The self-destructive urge leads Nixon to make a late-night phone call to Frost, a drunken outpouring of raw emotion and vitriol that is perhaps the most incendiary sequence in the film. ‘I wanted to dramatize the idea of Nixon handing Frost the sword in which he slays himself,’ Morgan says. ‘In a drunken moment, he phones his nemesis and galvanizes him into redoubling his efforts, which of course bring about Nixon’s downfall.’

It’s always a pleasure to interview Morgan, because he’s so eager to talk about the drama inherent in his stories. He only clams up when I ask why he’s so drawn to the idea of two characters, the grasping arriviste and the vulnerable elder. ‘I suppose I use the young upstart as the person who can take us, the audience, into the world of the story,’ he says. ‘I guess it’s a way of showing that everyone is worthy of some kind of redemption, that we shouldn’t be so brutally chastised for our imperfections.’
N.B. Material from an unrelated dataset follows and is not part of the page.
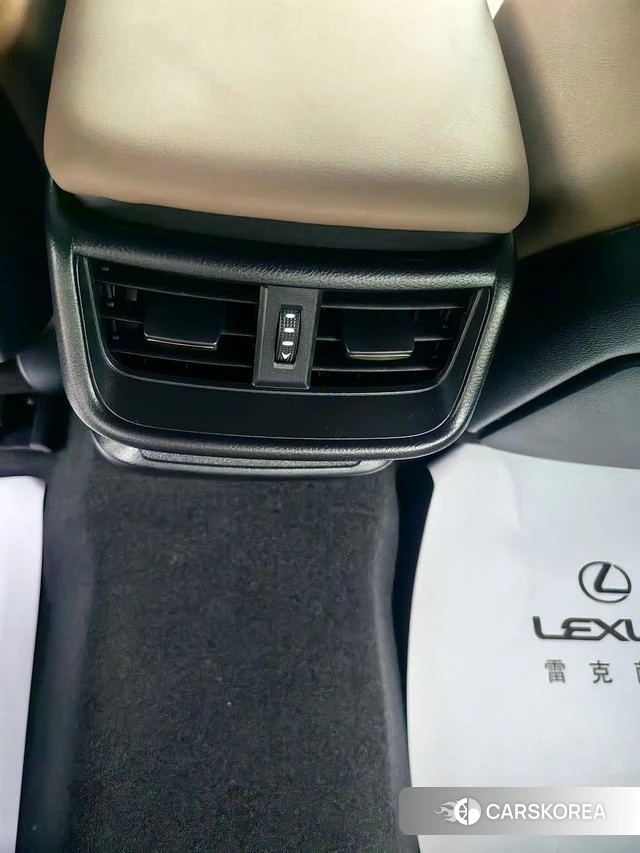 Lexus ES id 4182733 из Китая 7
Then he falls silent. ‘I hope you’ll take this the right way, but I really don’t like talking about it. I don’t want to become too self-conscious--it’s why I never read reviews, even the good ones. If you start to analyze what you do, it can paralyze you. I’m very happy for others to engage in conjecture, but if I was ever conscious of what I’m thinking about when I’m writing, oh my God, I’d be totally lost.’